This article was first published in UnHerd in late March. All articles published elsewhere are published free here; but for paywalled articles & postscripts, subscribe below.
What changes more often; Conservative Party leaders or the left’s favourite economist?
Over the last two decades, the left has had a string of infatuations with economists. Some of them - Thomas Piketty or Joseph Stiglitz, for example – were imports from abroad. But we have a strong domestic production line, too; Ann Pettifor, James Meadway and Grace Blakeley have all enjoyed moments in the sun.
The latest to add to the list is Gary Stevenson, a former City trader turned Youtuber, who presents Gary’s Economics, and has recently topped the bestseller lists with his book, The Trading Game.
Of anyone to trumpet left-wing economics, Stevenson would at first appear an odd choice; his branding relies heavily on his path as a ruthless trader, claiming that he was in fact ‘the best in the world’ in 2011 by betting that growing poverty would cause interest rates to stay low. Hardly an auspicious start; but then, every saint must have a past, and every sinner a future.
But his appeal is clearly divined. His delivery is punchy and self-assured, whilst he studiously cultivates the air of a normal person. Stevenson grew up in a single-income working class background, and money has not come with pretentions; he wears t-shirts instead of a tie, and is unapologetically unpolished, his thick MLE accent and the occasional (and largely tasteful) interspersing of fucks adds an air of credibility to the image of a barrow-boy with a conscience.
His popularity ultimately lies in his relentless focus on inequality. There are perfectly coherent arguments that inequality is economically damaging, including made by the left’s previous favourites; Piketty, Stiglitz and Pettifor argue that high inequality suppresses demand because poorer households have a higher marginal propensity to consume than the wealthy, so too high a concentration of wealth at the top therefore slows consumption. Blakeley argues that growing inequality forces ordinary people to rely on credit to maintain living standards, causing overexposure to asset bubbles, excessive debt, and instability. Meadway, meanwhile, argued that high inequality weakens productivity by trapping people in poverty, preventing talent from being fully utilised by limiting access to education, housing, and healthcare.

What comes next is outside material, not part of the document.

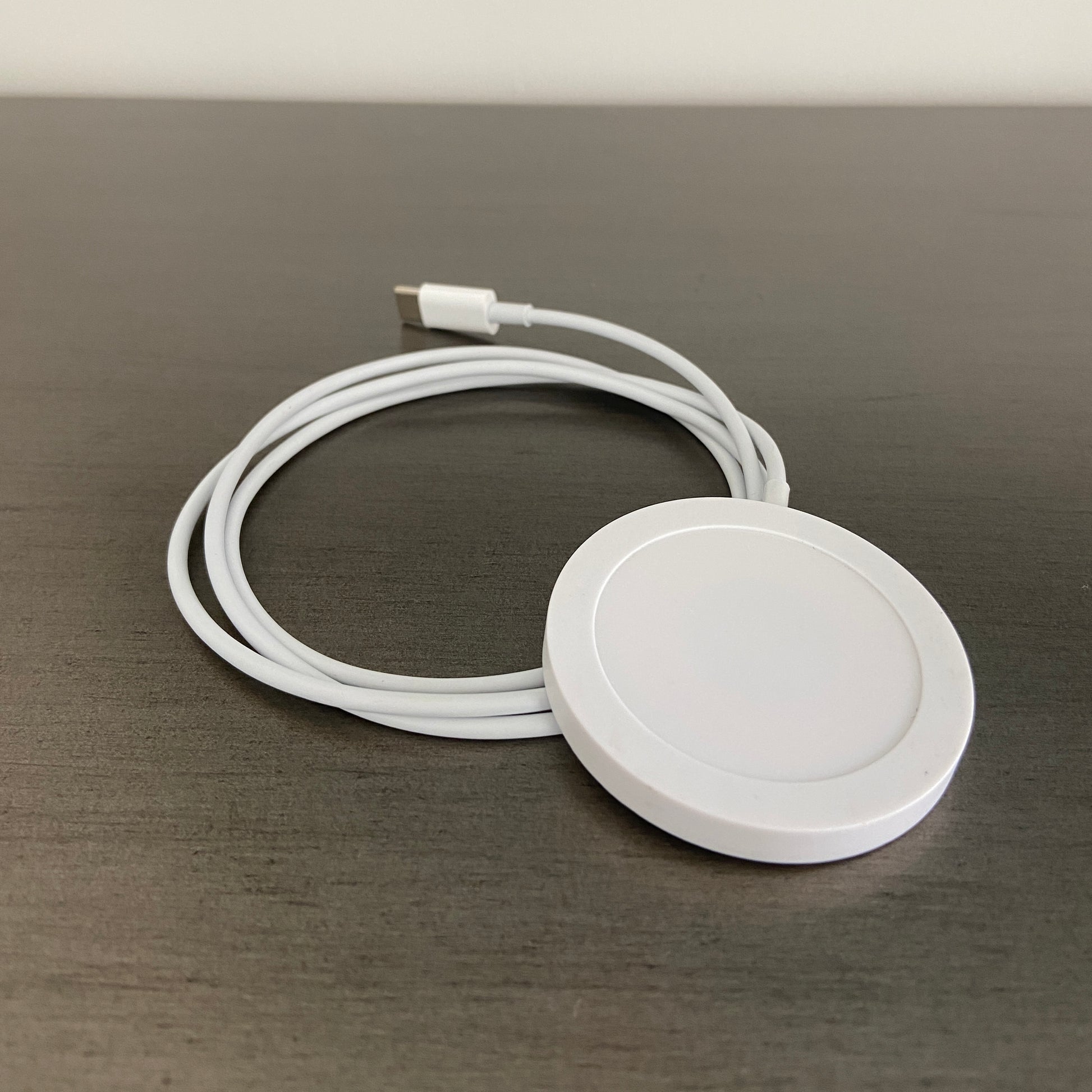 Wireless USB-C Charger Cord white on gray desk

Stevenson, however, seems to rely on reheated Occupy-style assertions that the rich are stealing everyone’s money, and that growing inequality is bad because it further exacerbates inequality; inequality is itself self-evidently economic suicide, rather than any particular potential economic consequences. Rather than economics, Stevenson seems primarily focussed on politics; his favouritism appears to be the result of being able to repackage traditional left-wing anti-millionaire activism, rather than genuinely fresh economic ideas.

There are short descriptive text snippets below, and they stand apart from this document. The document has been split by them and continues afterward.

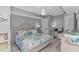 Bedroom showcases a queen bed with decorative pillows and coastal-themed bedding and decor at 2151 Bridge View Ct. # 1-803, North Myrtle Beach, SC 29582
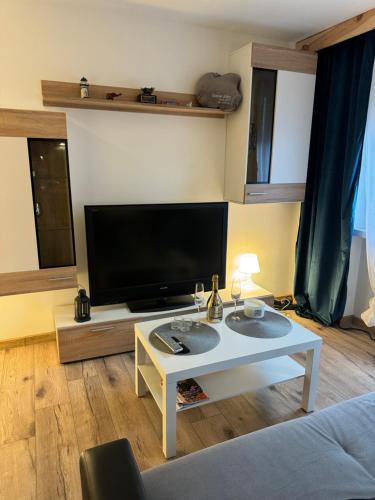 魯達希隆斯卡的住宿－Mieszkanko W Sam Raz，客厅配有电视和白色桌子。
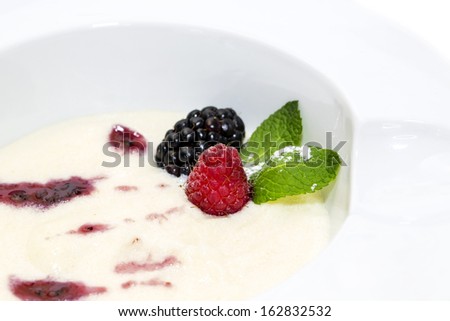 semolina porridge with berries decorated with berry jam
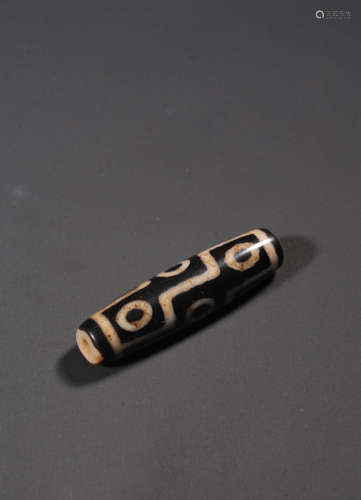 A NINE-EYED DZI BEAD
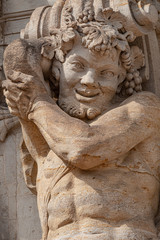 Old sculpture of funny and joyful dickens in downtown of Dresden, Germany, details, closeup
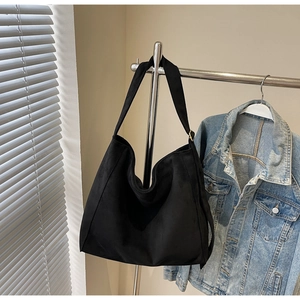 Dettaglio borsa hobo in camoscio nero con ampia tracolla e fibbia dorata regolabile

In the meantime, there seem to be questions about the credibility of the grandiose claims he makes about his trading history; an investigation by the Financial Times could not find any colleagues who thought his claim of being the best trader in the world was true. Likewise, his recent claim that ‘Economists have been all wrong about almost everything for 15 years now’ must raise questions about his economic knowledge, given how many of his predecessors as the left’s favourite economist have been discussing the problems of inequality. Given his project is more activism than analysis, it may matter little.